Dengan demikian ergonomi dimaksudkan sebagai disiplin keilmuan yang mempelajari manusia dalam kaitannya
dengan pekerjaan. Disiplin ergonomi secara khusus akan mempelajari keterbatasan dari kemampuan manusia
dalam berinteraksi dengan teknologi dan produk-produk buatannya. Disiplin ini berangkat dari kenyataan bahwa
manusia memiliki batas-batas kemampuan baik jangka pendek maupun jangka panjang pada saat berhadapan
dengan keadaan lingkungan sistem kerjanya yang berupa perangkat keras/hard-ware ( mesin, peralatan kerja dll
) dan/atau perangkat lunak/soft-ware (metode kerja, sistem dan prosedur, dll ). Dengan demikian terlihat jelas
bahwa ergonomi adalah suatu keilmuan yang multi disiplin, karena disini akan mempelajari pengetahuan-
pengetahuan dari ilmu kehayatan ( kedokteran, biologi ), ilmu kejiwaan (psychology ) dan kemasyarakatan (
sosiologi ).
Dalam perkembangan selanjutnya, ergonomi dikelompokkan atas empat bidang penyelidikan, menurut
Iftikar Sutalaksana dalam bukunya yaitu :
a. Penyelidikan tentang tampilan ( display ).
Tampilan (display) adalah suatu perangkat antara (interface) yang menyajikan informasi tentang keadaan
lingkungan, dan mengkomunikasikannya pada manusia dalam bentuk tanda-tanda, angka, lambang dan
sebagainya.
b. Penyelidikan tentang kekuatan fisik manusia
Dalam hal ini diselidiki tentang aktivitas-aktivitas manusia ketika bekerja, dan kemudian dipelajari cara
mengukur aktivitas-aktivitas tersebut.
c. Penyelidikan tentang ukuran tempat kerja.
Penyelidikan ini bertujuan untuk mendapatkan rancangan tempat kerja yang sesuai dengan ukuran
(dimensi) tubuh manusia, agar diperoleh tempat kerja yang baik, yang sesuai dengan kemampuan dan
keterbatasan manusia.
d. Penyelidikan tentang lingkungan kerja.

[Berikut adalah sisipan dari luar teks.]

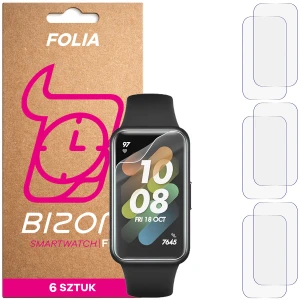 Folia ochronna na ekran zegarka Bizon Watch Film HydroFlex do Huawei Band 7, 6 sztuk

Penyelidikan ini meliputi kondisi lingkungan fisik tempat kerja dan fasilitas kerja seperti pengaturan
cahaya, kebisingan suara, temperatur, getaran dll. Yang dianggap dapat mempengaruhi tingkah laku
manusia.
Berkenaan dengan bidang-bidang penyelidikan yang tersebut diatas, maka terlihat sejumlah disiplin
dalam ergonomi, yaitu :
a. Anatomi dan fisiologi, yang mempelajari struktur dan fungsi tubuh manusia.
b. Antropometri, yaitu ilmu mengenai ukuran/dimensi tubuh manusia.
c. Fisiologi psikologi, yang mempelajari sistem saraf dan otak manusia.
d. Psikologi eksperimen, yang mempelajari tingkah laku manusia.
2.2 Antropometri
Menurut Sritomo Wignjosoebroto dalam bukunya istilah antropometri berasal dari " anthro " yang berarti
manusia dan " metri " yang berarti ukuran. Secara definitif antropometri dapat dinyatakan sebagai satu studi
yang berkaitan dengan pengukuran dimensi tubuh manusia. Manusia pada dasarnya akan memiliki bentuk,
ukuran (tinggi, lebar dsb.) berat dll. Yang berbeda satu dengan yang lainnya. Antropometri secara luas akan
digunakan sebagai pertimbangan-pertimbangan ergonomis dalam proses perancangan (desain) produk maupun
sistem kerja yang akan memerlukan interaksi manusia. Data antropometri yang berhasil diperoleh akan
diaplikasikan secara luas antara lain dalam hal :
Perancangan areal kerja ( work station, interior mobil, dll )
Perancangan peralatan kerja seperti mesin, equipment, perkakas (tools) dan sebagainya.
Perancangan produk-produk konsumtif seperti pakaian, kursi/meja komputer dll.
Perancangan lingkungan kerja fisik.
Dengan demikian dapat disimpulkan bahwa data antropometri akan menentukan bentuk, ukuran dan
dimensi yang tepat yang berkaitan dengan produk yang dirancang dan manusia yang akan mengoperasikan /
menggunakan produk tersebut. Dalam kaitan ini maka perancangan produk harus mampu mengakomodasikan
dimensi tubuh dari populasi terbesar yang akan menggunakan produk hasil rancangannya tersebut. Secara
umum sekurang-kurangnya 90 % - 95 % dari populasi yang menjadi target dalam kelompok pemakai suatu
produk haruslah mampu menggunakannya dengan selayaknya.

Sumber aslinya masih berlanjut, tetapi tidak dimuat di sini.